The following Sunday, April 2, is the 5th and last Sunday in Lent. The Gospel for that Sunday is the story of the raising of Lazarus from John 11. Lazarus and his sisters Mary and Martha were among Jesus’ close friends. They lived in Bethany not far from Jerusalem. Not to be missed in this a story is the love of Jesus for his friend Lazarus who has died. It is here that we read the shortest verse in the Bible: “Jesus wept” (John 11:35). In spite of the fact that Jesus restores Lazarus to life, John 11 ends on an ominous note. Outraged at Jesus’ growing popularity, and indeed his divine power over death itself, the religious establishment declares its intention to kill Jesus, which foreshadows Jesus’ passion and death in the week to follow.
This time of the year our language is especially important. We need to be aware of how our words may be heard by others. For example, in John’s Gospel, and in the New Testament generally, the members of the opposition that Jesus encounters is often called simply “the Jews.” In today’s world that kind of language can be heard as anti-Semitic, as prejudice against Jewish people in general.
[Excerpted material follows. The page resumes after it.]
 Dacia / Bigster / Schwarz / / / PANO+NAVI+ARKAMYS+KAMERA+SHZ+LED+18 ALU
We live in a day and time when prejudice, racial hatred, hateful words, and a general intolerance of people who are, or choose to be, different than ourselves, are on the rise in many places: in the media, in our politics, and sadly even in some religions. So it is important for faithful Christians to understand that it was not the race or the ethnicity of the people who opposed Jesus that is the point. It is rather their (and our) spiritual blindness to the message of Jesus that is the point. Like Lazarus, without Jesus, we are all dead in our sins. The good news of the Gospel is that God is love, and Jesus, as the Son of God, came among us to show mercy, and not to condemn or judge people. See John 3:16-18
Sadly Christians of the past hatefully and wrongly condemned “Jews” as a race of people for “murdering Jesus.” Certainly Martin Luther himself often seems quite hateful toward the Jewish people in some of his writings, as he also expresses hateful words towards Roman Catholics, Calvinists, and the followers of Ulrich Zwingli, and everyone else who disagreed with him. Simply put Luther was NOT a very tolerant person.
No one can deny Luther’s important contributions to the reform of the church, which was very much needed. But we should understand he was still a man of his times, and he was a sinner just like you and me. He got some things terribly wrong. Our church does not claim divine inspiration for Luther’s writings.
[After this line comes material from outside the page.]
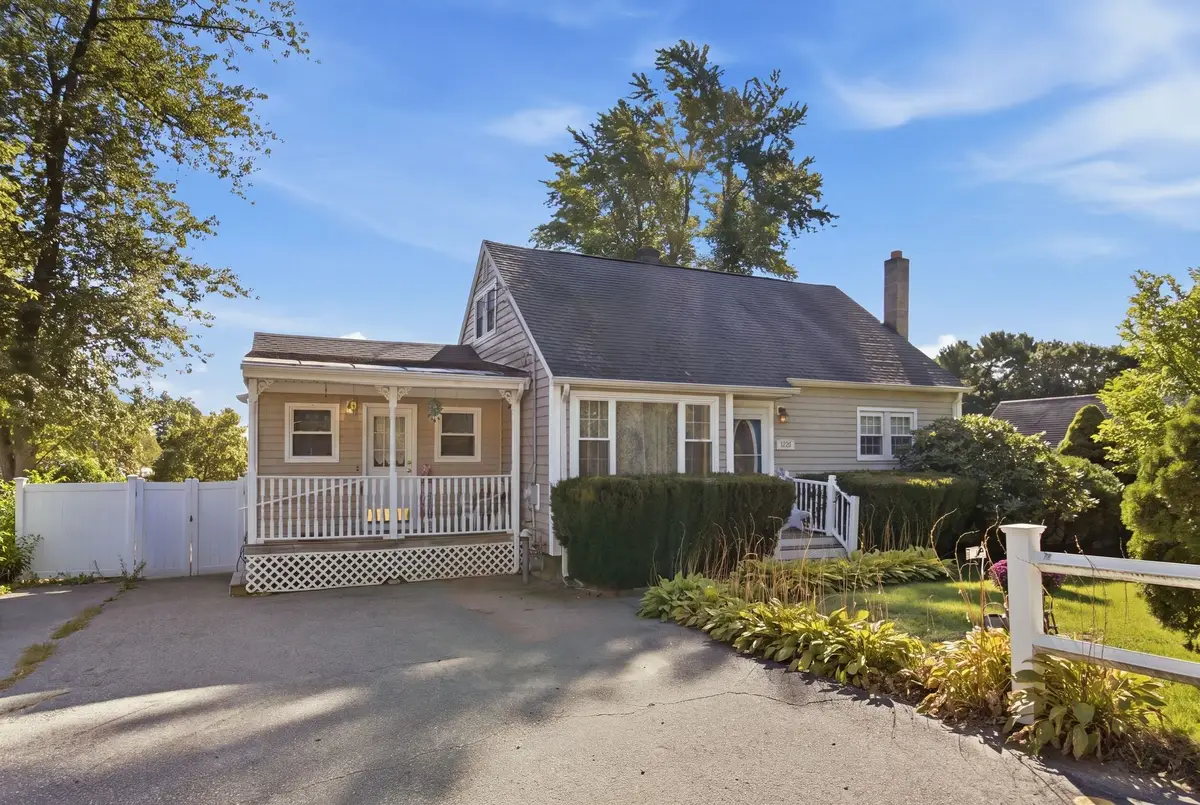 1259 Shawsheen St, Tewksbury, MA 01810 - #1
We also have the terrible evidence of the Holocaust. Many members of Christian churches, including Lutherans, stood by and did nothing while Jewish people and other non-conforming minorities were carted off to slave labor and extermination in concentration camps by the Nazi regime. The Nazi Holocaust is a terrible but important reminder of what happens when hate and racism go unchecked by laws that protect human rights.
For these historic and many other reasons it is very important for Christians today to be cautious about intolerance, racism, prejudice and hatred in thought, speech or action. They can easily creep into our conversations. That’s especially true when it comes to the decisive events of Holy Week.
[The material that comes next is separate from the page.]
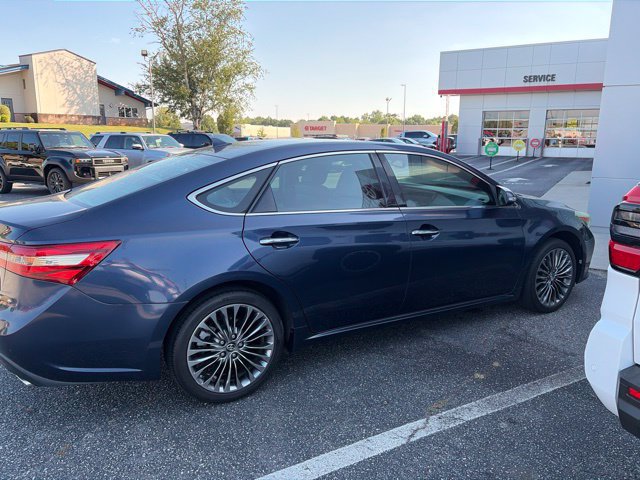 Used 2016 Toyota Avalon Limited w/ Toyota Safety Sense Package FWD image 4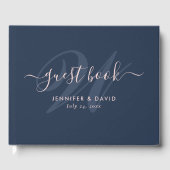 Modern Script Navy Blue en Blush Monogram Wedding Gastenboek (Voorkant)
So as we come to these important days let us remember that the root cause of hated, racism, and prejudice is self-righteousness. Ultimately it was our sins that put Jesus to death on the cross. He accepted the “cup” of suffering and death for the life of the world. One of our Holy Week hymns includes this important verse:
Who was the guilty? Who brought this upon Thee?
Alas my treason, Jesus, hath undone Thee.
‘Twas I, Lord Jesus, I it was denied Thee;
I crucified Thee.
Authentic Christianity has no place for blaming others for the sufferings and death of Jesus. The root cause of His anguish is obvious. We see it whenever we look in the mirror.
God give us a blessed closure to our Lenten journey over the next two Sundays, and bring us to a new awareness of the terrible wonder of God’s mercy for sinners during Holy Week that we may be prepared with joy to celebrate the Festival of the Resurrection of our Lord on Easter Sunday.